Penberthy admits Redruth could have been thrown into financial disarray by the ruling, revealing: "If we had not been insured, it would have had a massive effect on our club being able to compete at National Two level. We would have needed to make drastic cuts to our playing squad.

"Inexperienced players would have been thrown into the fire and relegation would have been a distinct possibility. The knock-on effect of relegation in Cornwall is that your crowds drop away, your sponsors drop away and your income falls.
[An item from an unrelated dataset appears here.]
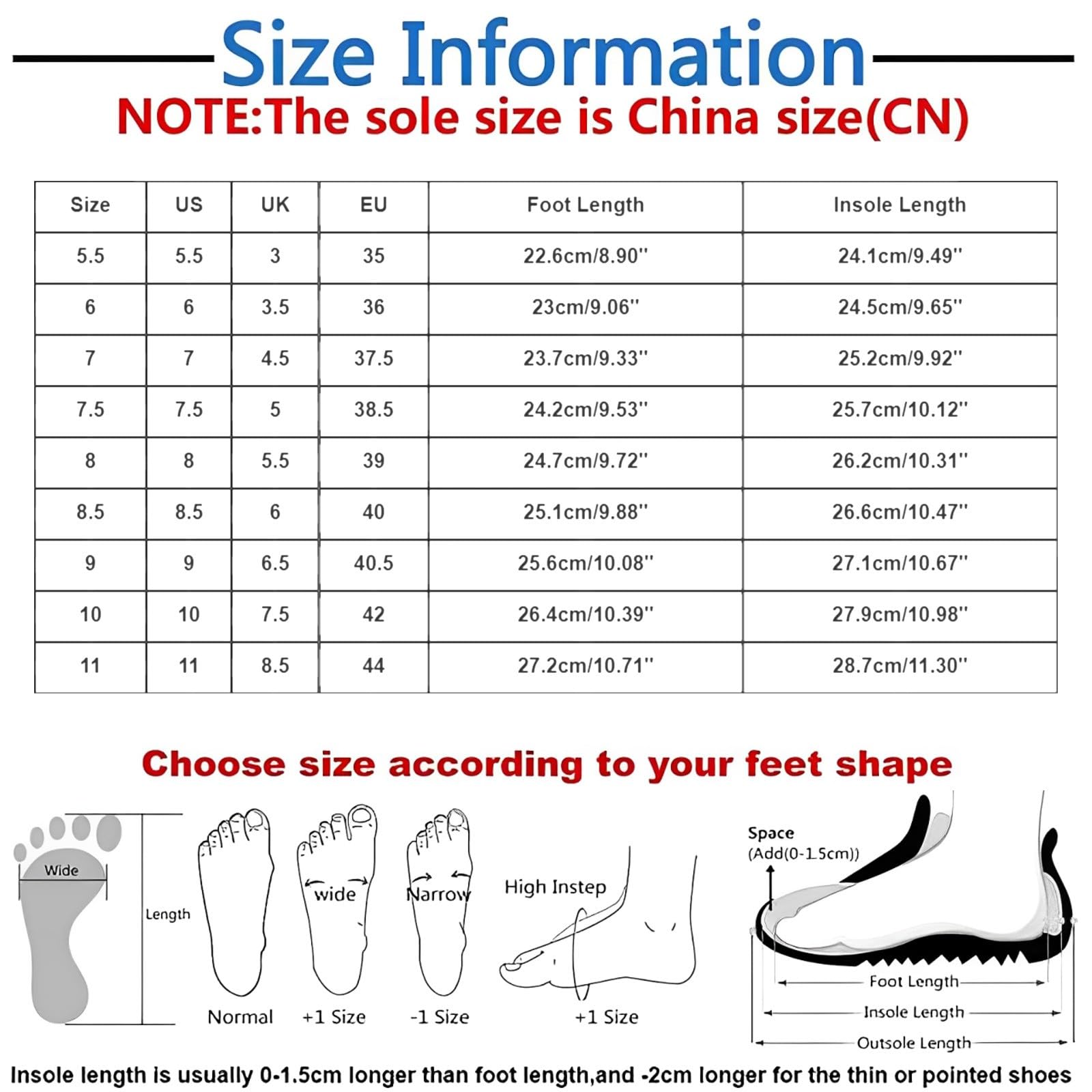Bottines Femme Talon Bloc Bout Pointu Zip Latéral Coupe Structurée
Before you know it things have spiralled out of control and you’ve got another West Hartlepool on your hands."

With this ruling now in the history books, the concern is that rugby clubs will now see a spate of claims against them due to the on-field actions of their players.

"This will create a significant development across the country," Oliver insists. "And the danger is that a lot of clubs are not in a position to pay these kind of damages. This can affect so many sports because contact sports create the potential for conflict."

Blackett does not share such a gloomy prognosis and feels clubs at all levels of the game should not be reaching for the panic button just yet.

"We must not over-react to these matters," he insists. "There will be some but you won't see a spate of claims. It has happened and it will happen in the future but I don’t think it’s going to be endemic and it won’t have much impact on the game.

"Of course, there is a possibility of clubs folding when a judgement is made against them, but I wouldn’t say it’s a probability. There must be room for a person whose livelihood is affected through an act of gross negligence or misconduct to sue those who caused the damage. We must not be scared of that and clearly the club is vicariously liable for the actions of its employees.

"When people are involved in these cases they get very emotional about them and feel it is going to undermine the whole of rugby. It is not."

Penberthy disagrees and believes the case could serve as an incentive for ambulance-chasing, no-win no fee lawyers.

"Those guys are going to be circling," he says. "If you look at the number of yellow cards issued every week at all levels of rugby, you’re going to get these solicitors ringing up offering their services. Somebody could make quite a tasty living out of it.

"We have to find a way to protect ourselves and the players because we don’t want them going out onto the field with the fear somebody is hiding behind a bush waiting for something to happen so they can take them to court and get a couple of quid out of them."